WASHINGTON, D.C. -- In Scott McClellan's purported tell-all memoir of his trials as President George W. Bush's press secretary, he virtually ignores Deputy Secretary of State Richard Armitage's role leaking to me Valerie Plame's identity as a CIA employee. That fits the partisan Democratic version of the Plame affair, in keeping with the overall tenor of "What Happened."
Although the media response dwelled on McClellan's criticism of Bush's road to war, the CIA leak case is the heart of this book. On July 14, 2003, one day before McClellan took the press secretary's job for which many colleagues felt he was unqualified, my column was published asserting that Plame at the CIA suggested her Democratic partisan husband, retired diplomat Joseph Wilson, for a sensitive intelligence mission. That story made McClellan's three years at the briefing room podium a misery, leading to his dismissal and now his bitter retort.
In claiming he was misled about the Plame affair, McClellan mentions Armitage only twice. Armitage being the leaker undermines the Democratic theory, now accepted by McClellan, that Bush, Vice President Dick Cheney and political adviser Karl Rove aimed to delegitimize Wilson as a war critic. McClellan's handling of the leak by itself leads former colleagues to suggest he could not have written this book by himself.

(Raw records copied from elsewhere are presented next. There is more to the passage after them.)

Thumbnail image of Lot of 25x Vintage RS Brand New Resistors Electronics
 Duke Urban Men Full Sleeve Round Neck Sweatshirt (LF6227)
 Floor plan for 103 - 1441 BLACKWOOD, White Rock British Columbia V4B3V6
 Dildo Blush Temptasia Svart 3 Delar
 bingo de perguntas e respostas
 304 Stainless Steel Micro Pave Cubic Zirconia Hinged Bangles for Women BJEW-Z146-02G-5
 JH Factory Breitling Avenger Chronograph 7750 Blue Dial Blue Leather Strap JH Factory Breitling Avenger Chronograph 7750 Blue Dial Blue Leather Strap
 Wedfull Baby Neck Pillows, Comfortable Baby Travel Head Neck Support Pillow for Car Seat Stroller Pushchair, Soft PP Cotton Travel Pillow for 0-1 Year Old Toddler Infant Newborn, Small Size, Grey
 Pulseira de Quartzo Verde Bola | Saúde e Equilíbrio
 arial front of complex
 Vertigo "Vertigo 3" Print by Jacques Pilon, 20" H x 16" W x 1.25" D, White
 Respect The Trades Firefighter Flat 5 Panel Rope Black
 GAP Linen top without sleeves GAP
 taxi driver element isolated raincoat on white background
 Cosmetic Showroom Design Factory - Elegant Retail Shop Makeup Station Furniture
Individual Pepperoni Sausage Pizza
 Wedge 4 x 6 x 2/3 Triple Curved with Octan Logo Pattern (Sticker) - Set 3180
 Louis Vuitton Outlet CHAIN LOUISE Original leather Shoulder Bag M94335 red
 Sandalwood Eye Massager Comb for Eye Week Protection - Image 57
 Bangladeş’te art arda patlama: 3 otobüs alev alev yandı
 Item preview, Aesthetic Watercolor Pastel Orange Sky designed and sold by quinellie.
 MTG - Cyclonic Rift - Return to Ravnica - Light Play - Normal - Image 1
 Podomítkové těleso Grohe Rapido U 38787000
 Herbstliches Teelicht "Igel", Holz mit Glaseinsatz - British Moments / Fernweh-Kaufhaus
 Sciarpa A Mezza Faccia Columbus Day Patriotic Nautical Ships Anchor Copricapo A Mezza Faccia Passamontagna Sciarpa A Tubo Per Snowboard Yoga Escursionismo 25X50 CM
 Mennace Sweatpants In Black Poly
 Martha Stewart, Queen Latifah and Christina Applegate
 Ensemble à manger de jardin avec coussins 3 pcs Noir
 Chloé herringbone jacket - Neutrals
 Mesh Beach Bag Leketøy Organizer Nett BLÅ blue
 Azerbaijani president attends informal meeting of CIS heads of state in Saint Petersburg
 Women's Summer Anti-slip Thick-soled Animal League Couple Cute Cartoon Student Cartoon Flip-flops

On page 173, McClellan first mentions my Plame leak, but he does not identify Armitage as the leaker until page 306 of the 323-page book -- then only in passing. Armitage, anti-war and anti-Cheney, cannot fit the conspiracy theory that McClellan now buys into. When Armitage after two years publicly admitted he was my source, the life went out of Wilson's campaign. In "What Happened," McClellan dwells on Rove's alleged deceptions as if the real leaker were still unknown.
McClellan at the White House podium never knew the facts about the CIA leak, and his memoir reads as though he has tried to maintain his ignorance. He omits Armitage's slipping Mrs. Wilson's identity to The Washington Post's Bob Woodward weeks before he talked to me. He does not mention that Armitage turned himself in to the Justice Department even before Patrick Fitzgerald was named as special prosecutor.
McClellan writes that Rove told him this about his conversation with me after I called him to check Armitage's leak: "He (Novak) said he'd heard that Wilson's wife worked at the CIA. I told him I couldn't confirm it because I didn't know." Rove told me last week he never said that to McClellan. Under oath, Rove had testified he told me, "I heard that, too." Under oath, I testified that Rove said, "Oh, you know that, too."